天啓帝を一言で現すなら、素直なお人好しである。母親代わりに親身世話してくれる客氏、彼女の夫で訳の分からない政務を一手に引き受けてくれる魏忠賢。いつしか五月蝿いことをいう大臣は居なくなり、彼は宮廷で自由に気ままな日々を送ることができた。美食を楽しみ、狩りを行い、宮殿の設計をし、兵隊ごっこをした。


 客氏は彼と妃の間に出来た六人の子どもを全て流産させ毒殺していたことも、見えなくなった大臣が全て魏忠賢によって葬られていることも、国政は滅茶苦茶で横領により宮殿造営が進まないことも、明の辺境が非常に切迫していることも何も知らなかった。或いは、目を瞑っていたのかもしれない。幼い頃から自分を助けてくれた一番に信じる人が、そのような非道な事をするはずが無いのである。
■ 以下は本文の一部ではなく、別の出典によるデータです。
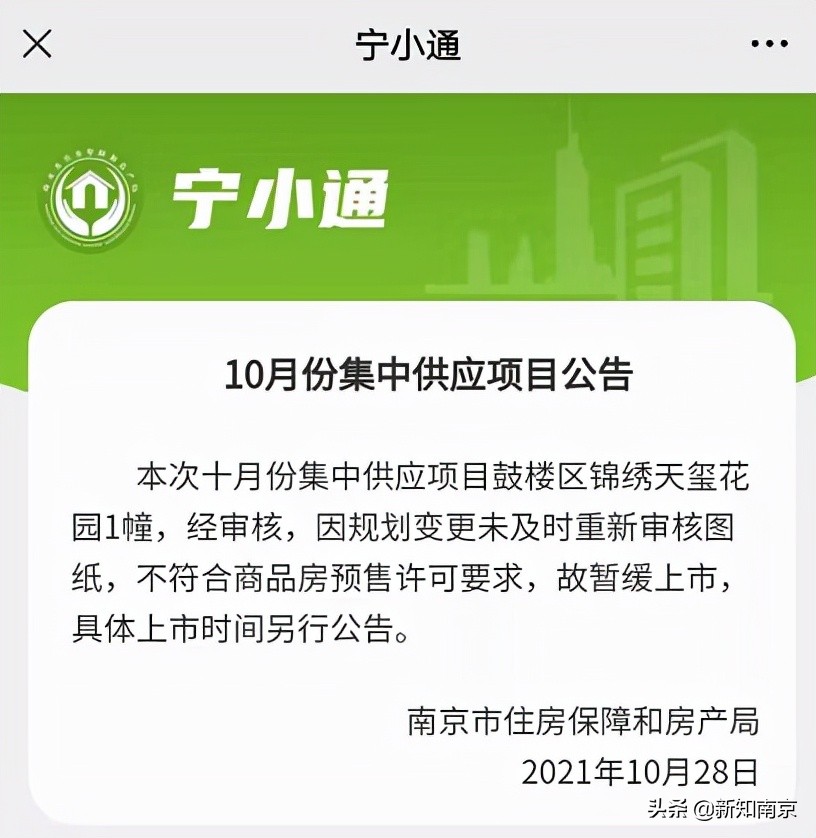 8选1！南京第④批集中开盘，核心区热度直线下滑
 そんな天啓帝は自分の弟達、特に朱由檢(しゅゆうけん)ーー と比較して、自分の出来がそんなに良くないことはよく分かっており、この生意気な異母弟が「私も皇帝になれるでしょうか?」と無礼な事を言うと、「数年後にはそうさせてあげる。」と答えたという。


 この言葉は現実になった。船遊びをしていた際、突然の強風で船が転覆し、天啓帝は重い肺炎になってしまった。弟の朱由檢が兄の病が癒えるよう、自分の身に移す祈祷をしていると聞くと、一言、「弟弟愛我」と呟いた。いよいよ危篤となると、彼を呼び出し、幼き日の約束通り皇帝位を譲ると告げた。朱由檢は涙を流し、「陛下、私の言は死罪に当たります。だから早く良くなってください。」と言ったが、天啓帝は「残される私の妻を頼む。魏忠賢ならきちんとやってくれるはずだ。」と返したという。


 天啓七年八月、熹宗天啓帝は二十三歳で逝去した。遺言には彼が彼なりに努力したと綴られていたが、紫禁城の狭く閉じた世界に住んでいた大きな子どもに、万暦帝が破壊した明朝の復興は不可能だった。そして即位した崇禎帝がまず行ったことは、東林党内閣の復活と魏忠賢の暗殺だった。政務を思うがまま壟断した男は権力基盤を失い呆気なく死んだのである。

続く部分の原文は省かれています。